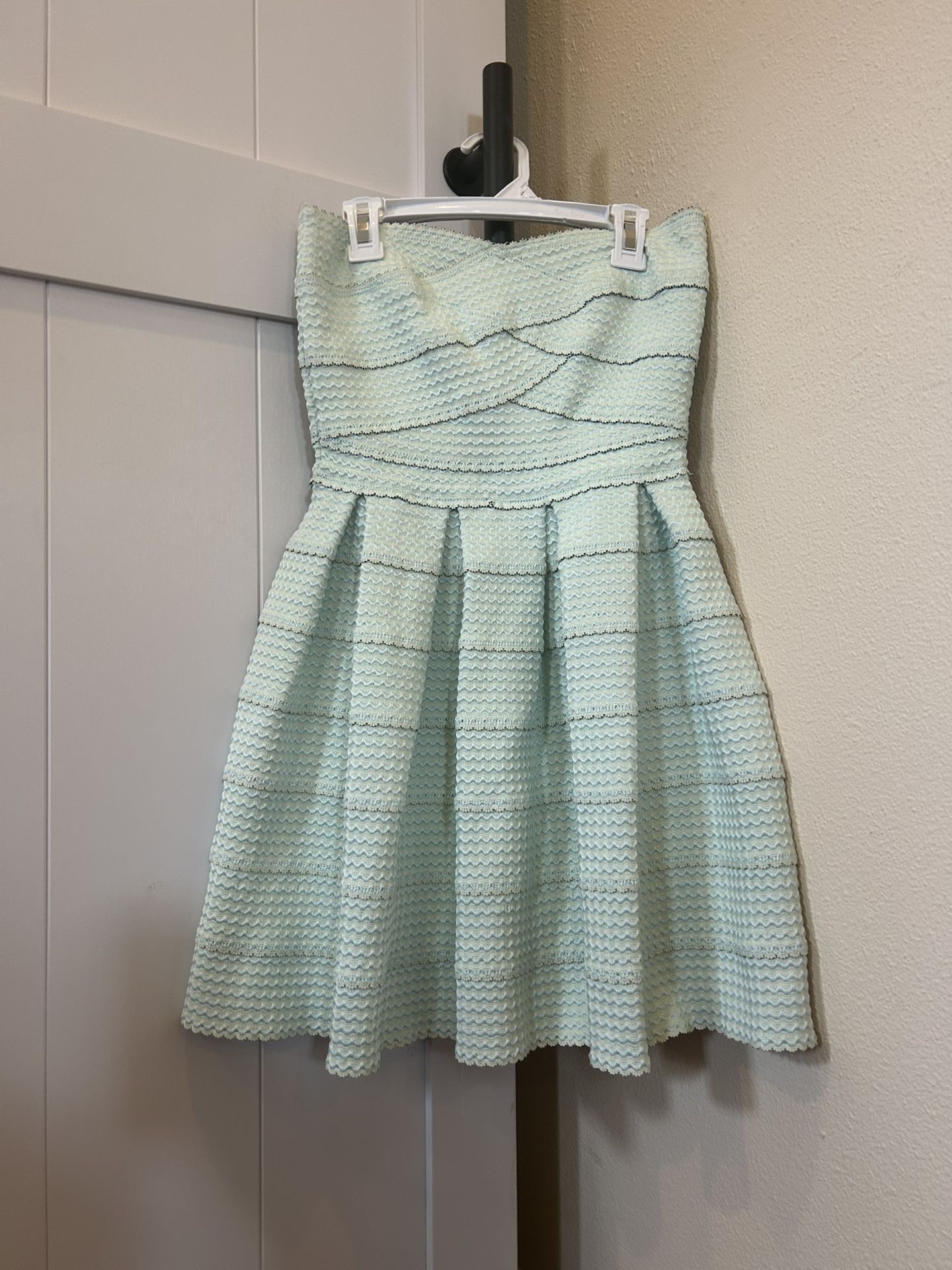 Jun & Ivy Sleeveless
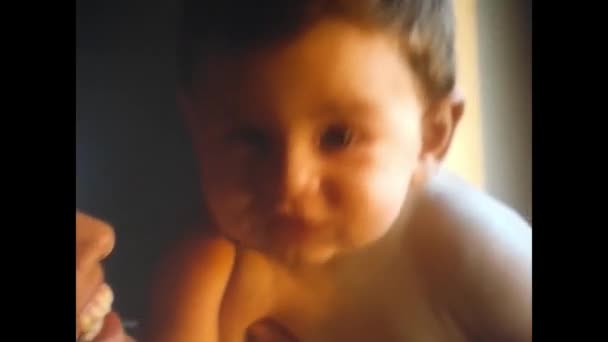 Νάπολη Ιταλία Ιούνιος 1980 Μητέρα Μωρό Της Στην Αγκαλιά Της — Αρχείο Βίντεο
* * *
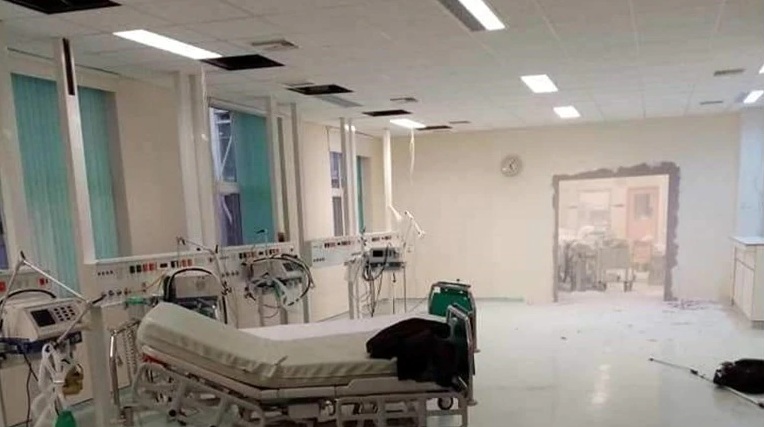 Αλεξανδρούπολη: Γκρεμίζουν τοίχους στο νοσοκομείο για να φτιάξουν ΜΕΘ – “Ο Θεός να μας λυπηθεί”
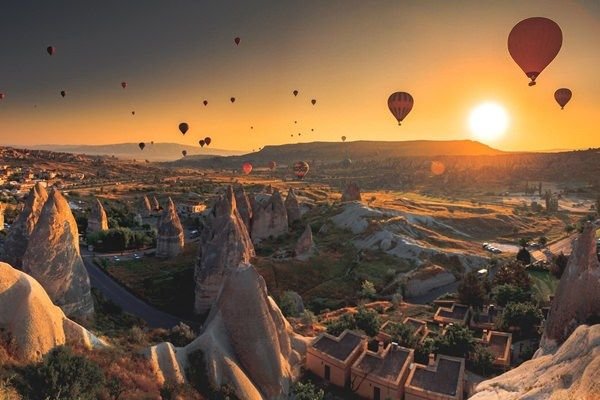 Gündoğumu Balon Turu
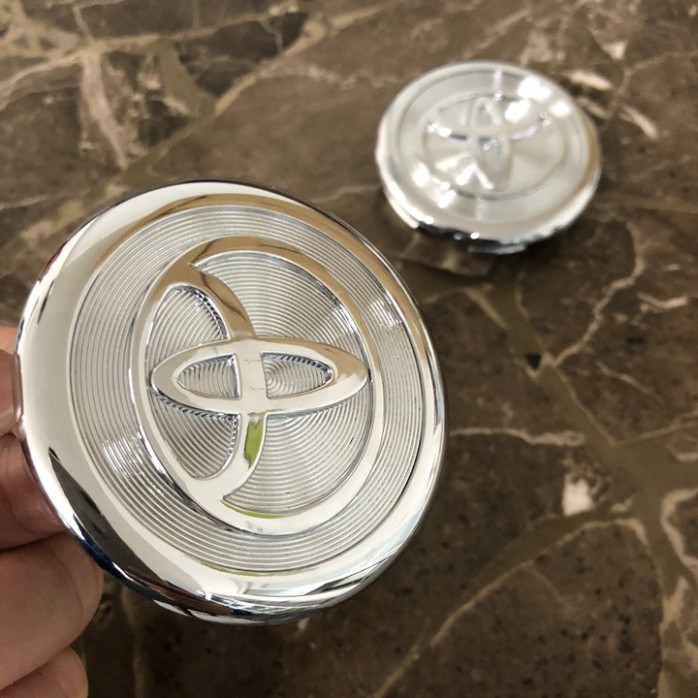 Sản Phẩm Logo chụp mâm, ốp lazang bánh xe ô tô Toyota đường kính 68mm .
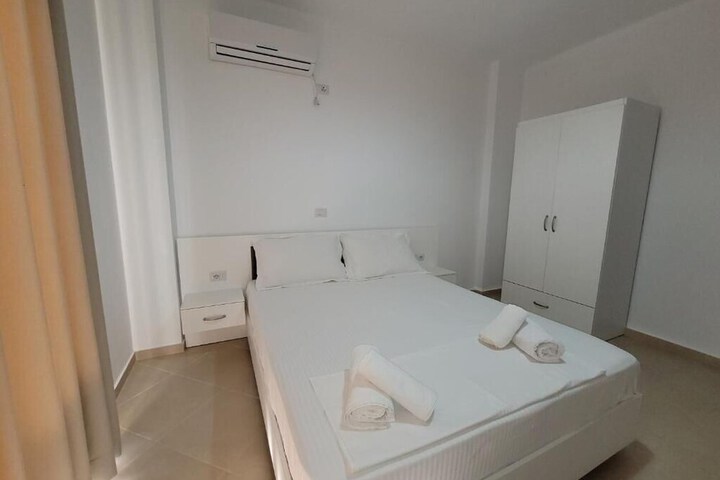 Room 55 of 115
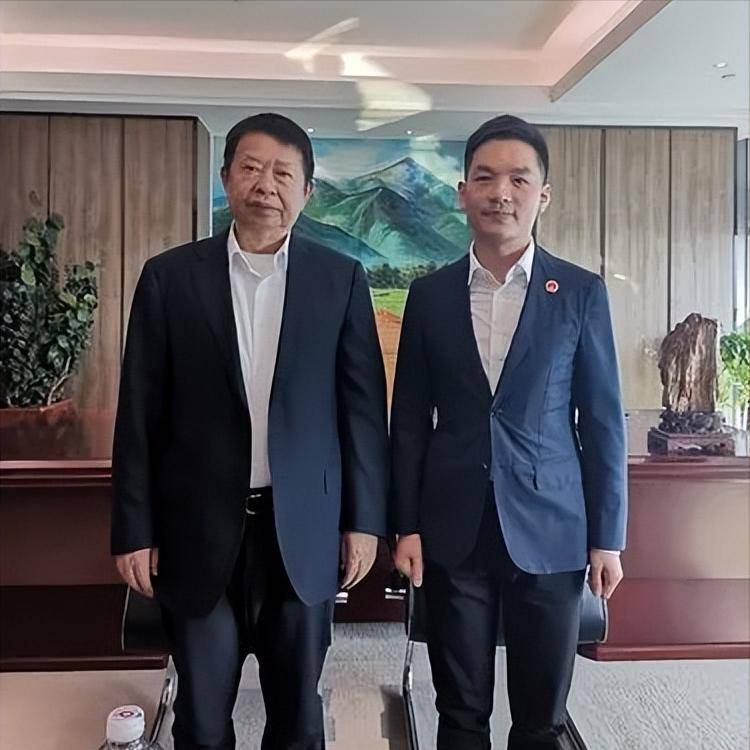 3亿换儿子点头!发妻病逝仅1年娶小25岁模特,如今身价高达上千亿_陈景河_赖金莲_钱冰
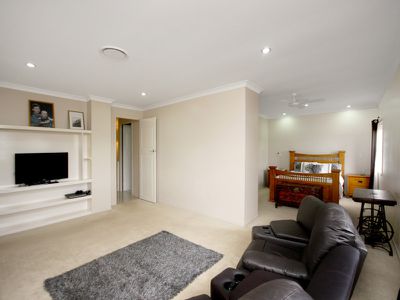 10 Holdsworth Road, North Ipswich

_Task statement:_
Out of the records above, set down only the lines from the one that contains "3亿换儿子点头!发妻病逝仅1" through the one that contains "10 Holdsworth Road, North Ipswich", unchanged and without the pictures.

_Task output:_
 3亿换儿子点头!发妻病逝仅1年娶小25岁模特,如今身价高达上千亿_陈景河_赖金莲_钱冰
 10 Holdsworth Road, North Ipswich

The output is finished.